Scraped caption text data
※ ※ ※
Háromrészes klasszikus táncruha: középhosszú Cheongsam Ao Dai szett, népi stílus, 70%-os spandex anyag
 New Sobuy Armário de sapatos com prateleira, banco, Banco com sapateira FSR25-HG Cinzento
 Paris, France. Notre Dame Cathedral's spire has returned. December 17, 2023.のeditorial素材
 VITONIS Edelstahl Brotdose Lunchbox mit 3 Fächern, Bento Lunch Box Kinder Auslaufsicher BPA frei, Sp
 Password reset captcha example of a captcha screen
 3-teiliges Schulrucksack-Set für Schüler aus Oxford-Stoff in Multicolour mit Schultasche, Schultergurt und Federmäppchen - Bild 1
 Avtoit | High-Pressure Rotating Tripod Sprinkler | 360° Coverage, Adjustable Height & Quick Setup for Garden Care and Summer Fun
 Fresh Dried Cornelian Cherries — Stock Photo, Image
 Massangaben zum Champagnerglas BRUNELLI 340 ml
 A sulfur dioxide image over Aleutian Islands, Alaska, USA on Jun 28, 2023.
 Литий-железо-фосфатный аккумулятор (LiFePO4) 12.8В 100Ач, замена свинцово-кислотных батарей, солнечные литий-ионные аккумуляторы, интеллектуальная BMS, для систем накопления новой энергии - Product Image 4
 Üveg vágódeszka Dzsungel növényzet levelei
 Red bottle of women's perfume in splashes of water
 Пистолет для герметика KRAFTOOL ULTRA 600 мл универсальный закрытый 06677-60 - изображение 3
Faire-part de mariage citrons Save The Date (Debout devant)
※ ※ ※
◆ INSTRUCTIONS FOR THE TASK
Answer with the exact lines running from the one that contains "3-teiliges Schulrucksack-Set für" through the last line of the data. Include no other line.

◆ ANSWER TO THE EXERCISE
 3-teiliges Schulrucksack-Set für Schüler aus Oxford-Stoff in Multicolour mit Schultasche, Schultergurt und Federmäppchen - Bild 1
 Avtoit | High-Pressure Rotating Tripod Sprinkler | 360° Coverage, Adjustable Height & Quick Setup for Garden Care and Summer Fun
 Fresh Dried Cornelian Cherries — Stock Photo, Image
 Massangaben zum Champagnerglas BRUNELLI 340 ml
 A sulfur dioxide image over Aleutian Islands, Alaska, USA on Jun 28, 2023.
 Литий-железо-фосфатный аккумулятор (LiFePO4) 12.8В 100Ач, замена свинцово-кислотных батарей, солнечные литий-ионные аккумуляторы, интеллектуальная BMS, для систем накопления новой энергии - Product Image 4
 Üveg vágódeszka Dzsungel növényzet levelei
 Red bottle of women's perfume in splashes of water
 Пистолет для герметика KRAFTOOL ULTRA 600 мл универсальный закрытый 06677-60 - изображение 3
Faire-part de mariage citrons Save The Date (Debout devant)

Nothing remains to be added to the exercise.